***** Records to process *****
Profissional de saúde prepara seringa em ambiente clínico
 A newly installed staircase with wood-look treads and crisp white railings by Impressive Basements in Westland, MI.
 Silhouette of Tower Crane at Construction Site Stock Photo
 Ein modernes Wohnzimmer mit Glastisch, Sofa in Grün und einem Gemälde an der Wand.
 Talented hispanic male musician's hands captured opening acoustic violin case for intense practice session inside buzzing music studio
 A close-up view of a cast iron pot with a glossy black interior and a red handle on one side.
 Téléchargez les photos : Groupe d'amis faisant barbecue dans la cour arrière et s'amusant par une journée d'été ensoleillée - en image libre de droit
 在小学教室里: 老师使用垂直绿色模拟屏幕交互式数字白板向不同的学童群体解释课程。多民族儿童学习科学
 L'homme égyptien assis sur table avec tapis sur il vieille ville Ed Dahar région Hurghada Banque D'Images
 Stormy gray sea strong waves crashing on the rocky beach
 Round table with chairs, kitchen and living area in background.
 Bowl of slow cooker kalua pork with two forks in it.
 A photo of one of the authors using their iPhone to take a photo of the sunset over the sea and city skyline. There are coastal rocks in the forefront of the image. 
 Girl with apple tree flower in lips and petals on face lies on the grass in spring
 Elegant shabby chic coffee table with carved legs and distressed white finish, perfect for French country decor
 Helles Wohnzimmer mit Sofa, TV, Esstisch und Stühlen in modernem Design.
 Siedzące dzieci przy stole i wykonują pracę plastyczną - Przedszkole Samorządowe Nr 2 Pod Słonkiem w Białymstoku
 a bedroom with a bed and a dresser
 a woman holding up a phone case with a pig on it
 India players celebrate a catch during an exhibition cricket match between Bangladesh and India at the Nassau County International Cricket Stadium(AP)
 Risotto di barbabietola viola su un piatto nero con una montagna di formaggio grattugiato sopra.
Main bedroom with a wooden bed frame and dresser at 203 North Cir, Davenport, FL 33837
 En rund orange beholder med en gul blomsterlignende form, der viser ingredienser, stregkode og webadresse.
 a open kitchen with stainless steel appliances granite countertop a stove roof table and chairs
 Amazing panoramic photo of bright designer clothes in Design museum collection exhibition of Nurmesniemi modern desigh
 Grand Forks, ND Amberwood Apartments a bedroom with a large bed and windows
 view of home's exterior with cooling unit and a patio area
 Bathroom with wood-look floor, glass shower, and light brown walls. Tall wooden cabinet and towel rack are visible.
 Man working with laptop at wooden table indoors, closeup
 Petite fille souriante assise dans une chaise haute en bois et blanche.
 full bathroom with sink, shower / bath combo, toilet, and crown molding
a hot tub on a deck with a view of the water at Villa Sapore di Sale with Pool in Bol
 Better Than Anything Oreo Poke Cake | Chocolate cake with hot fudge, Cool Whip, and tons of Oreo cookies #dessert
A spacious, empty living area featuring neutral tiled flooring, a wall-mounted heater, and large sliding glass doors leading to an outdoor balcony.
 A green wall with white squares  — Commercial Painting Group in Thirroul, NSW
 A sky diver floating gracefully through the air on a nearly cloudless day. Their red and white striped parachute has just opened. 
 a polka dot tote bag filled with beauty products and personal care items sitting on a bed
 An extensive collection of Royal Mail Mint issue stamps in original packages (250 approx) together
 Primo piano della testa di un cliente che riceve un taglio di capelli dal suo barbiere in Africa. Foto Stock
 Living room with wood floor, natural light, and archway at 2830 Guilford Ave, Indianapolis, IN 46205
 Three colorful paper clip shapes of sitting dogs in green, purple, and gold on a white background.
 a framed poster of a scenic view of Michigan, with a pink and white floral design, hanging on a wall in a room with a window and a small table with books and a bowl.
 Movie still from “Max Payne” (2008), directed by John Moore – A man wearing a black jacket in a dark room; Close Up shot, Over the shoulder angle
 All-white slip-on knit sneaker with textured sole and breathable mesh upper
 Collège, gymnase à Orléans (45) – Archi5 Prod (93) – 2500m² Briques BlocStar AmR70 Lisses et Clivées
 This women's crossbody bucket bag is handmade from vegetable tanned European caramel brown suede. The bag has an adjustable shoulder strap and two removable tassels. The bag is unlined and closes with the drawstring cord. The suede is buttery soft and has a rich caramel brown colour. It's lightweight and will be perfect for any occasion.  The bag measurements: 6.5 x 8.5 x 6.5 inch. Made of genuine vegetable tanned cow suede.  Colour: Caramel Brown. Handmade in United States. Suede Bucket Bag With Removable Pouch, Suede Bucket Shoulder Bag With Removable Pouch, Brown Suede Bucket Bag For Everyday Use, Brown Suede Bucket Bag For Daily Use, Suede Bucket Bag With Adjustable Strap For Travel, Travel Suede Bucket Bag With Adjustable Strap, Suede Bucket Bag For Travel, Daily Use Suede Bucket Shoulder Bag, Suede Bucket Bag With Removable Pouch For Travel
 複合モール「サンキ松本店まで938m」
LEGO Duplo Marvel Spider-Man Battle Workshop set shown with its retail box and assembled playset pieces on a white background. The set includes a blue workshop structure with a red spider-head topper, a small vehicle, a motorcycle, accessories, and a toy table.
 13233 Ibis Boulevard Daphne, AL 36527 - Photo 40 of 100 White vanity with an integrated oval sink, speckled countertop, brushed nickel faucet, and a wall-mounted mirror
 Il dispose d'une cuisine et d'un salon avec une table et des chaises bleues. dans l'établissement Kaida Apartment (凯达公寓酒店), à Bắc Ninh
*****
Your task is to output the full set of records exactly as presented.

Result.
Profissional de saúde prepara seringa em ambiente clínico
 A newly installed staircase with wood-look treads and crisp white railings by Impressive Basements in Westland, MI.
 Silhouette of Tower Crane at Construction Site Stock Photo
 Ein modernes Wohnzimmer mit Glastisch, Sofa in Grün und einem Gemälde an der Wand.
 Talented hispanic male musician's hands captured opening acoustic violin case for intense practice session inside buzzing music studio
 A close-up view of a cast iron pot with a glossy black interior and a red handle on one side.
 Téléchargez les photos : Groupe d'amis faisant barbecue dans la cour arrière et s'amusant par une journée d'été ensoleillée - en image libre de droit
 在小学教室里: 老师使用垂直绿色模拟屏幕交互式数字白板向不同的学童群体解释课程。多民族儿童学习科学
 L'homme égyptien assis sur table avec tapis sur il vieille ville Ed Dahar région Hurghada Banque D'Images
 Stormy gray sea strong waves crashing on the rocky beach
 Round table with chairs, kitchen and living area in background.
 Bowl of slow cooker kalua pork with two forks in it.
 A photo of one of the authors using their iPhone to take a photo of the sunset over the sea and city skyline. There are coastal rocks in the forefront of the image. 
 Girl with apple tree flower in lips and petals on face lies on the grass in spring
 Elegant shabby chic coffee table with carved legs and distressed white finish, perfect for French country decor
 Helles Wohnzimmer mit Sofa, TV, Esstisch und Stühlen in modernem Design.
 Siedzące dzieci przy stole i wykonują pracę plastyczną - Przedszkole Samorządowe Nr 2 Pod Słonkiem w Białymstoku
 a bedroom with a bed and a dresser
 a woman holding up a phone case with a pig on it
 India players celebrate a catch during an exhibition cricket match between Bangladesh and India at the Nassau County International Cricket Stadium(AP)
 Risotto di barbabietola viola su un piatto nero con una montagna di formaggio grattugiato sopra.
Main bedroom with a wooden bed frame and dresser at 203 North Cir, Davenport, FL 33837
 En rund orange beholder med en gul blomsterlignende form, der viser ingredienser, stregkode og webadresse.
 a open kitchen with stainless steel appliances granite countertop a stove roof table and chairs
 Amazing panoramic photo of bright designer clothes in Design museum collection exhibition of Nurmesniemi modern desigh
 Grand Forks, ND Amberwood Apartments a bedroom with a large bed and windows
 view of home's exterior with cooling unit and a patio area
 Bathroom with wood-look floor, glass shower, and light brown walls. Tall wooden cabinet and towel rack are visible.
 Man working with laptop at wooden table indoors, closeup
 Petite fille souriante assise dans une chaise haute en bois et blanche.
 full bathroom with sink, shower / bath combo, toilet, and crown molding
a hot tub on a deck with a view of the water at Villa Sapore di Sale with Pool in Bol
 Better Than Anything Oreo Poke Cake | Chocolate cake with hot fudge, Cool Whip, and tons of Oreo cookies #dessert
A spacious, empty living area featuring neutral tiled flooring, a wall-mounted heater, and large sliding glass doors leading to an outdoor balcony.
 A green wall with white squares  — Commercial Painting Group in Thirroul, NSW
 A sky diver floating gracefully through the air on a nearly cloudless day. Their red and white striped parachute has just opened. 
 a polka dot tote bag filled with beauty products and personal care items sitting on a bed
 An extensive collection of Royal Mail Mint issue stamps in original packages (250 approx) together
 Primo piano della testa di un cliente che riceve un taglio di capelli dal suo barbiere in Africa. Foto Stock
 Living room with wood floor, natural light, and archway at 2830 Guilford Ave, Indianapolis, IN 46205
 Three colorful paper clip shapes of sitting dogs in green, purple, and gold on a white background.
 a framed poster of a scenic view of Michigan, with a pink and white floral design, hanging on a wall in a room with a window and a small table with books and a bowl.
 Movie still from “Max Payne” (2008), directed by John Moore – A man wearing a black jacket in a dark room; Close Up shot, Over the shoulder angle
 All-white slip-on knit sneaker with textured sole and breathable mesh upper
 Collège, gymnase à Orléans (45) – Archi5 Prod (93) – 2500m² Briques BlocStar AmR70 Lisses et Clivées
 This women's crossbody bucket bag is handmade from vegetable tanned European caramel brown suede. The bag has an adjustable shoulder strap and two removable tassels. The bag is unlined and closes with the drawstring cord. The suede is buttery soft and has a rich caramel brown colour. It's lightweight and will be perfect for any occasion.  The bag measurements: 6.5 x 8.5 x 6.5 inch. Made of genuine vegetable tanned cow suede.  Colour: Caramel Brown. Handmade in United States. Suede Bucket Bag With Removable Pouch, Suede Bucket Shoulder Bag With Removable Pouch, Brown Suede Bucket Bag For Everyday Use, Brown Suede Bucket Bag For Daily Use, Suede Bucket Bag With Adjustable Strap For Travel, Travel Suede Bucket Bag With Adjustable Strap, Suede Bucket Bag For Travel, Daily Use Suede Bucket Shoulder Bag, Suede Bucket Bag With Removable Pouch For Travel
 複合モール「サンキ松本店まで938m」
LEGO Duplo Marvel Spider-Man Battle Workshop set shown with its retail box and assembled playset pieces on a white background. The set includes a blue workshop structure with a red spider-head topper, a small vehicle, a motorcycle, accessories, and a toy table.
 13233 Ibis Boulevard Daphne, AL 36527 - Photo 40 of 100 White vanity with an integrated oval sink, speckled countertop, brushed nickel faucet, and a wall-mounted mirror
 Il dispose d'une cuisine et d'un salon avec une table et des chaises bleues. dans l'établissement Kaida Apartment (凯达公寓酒店), à Bắc Ninh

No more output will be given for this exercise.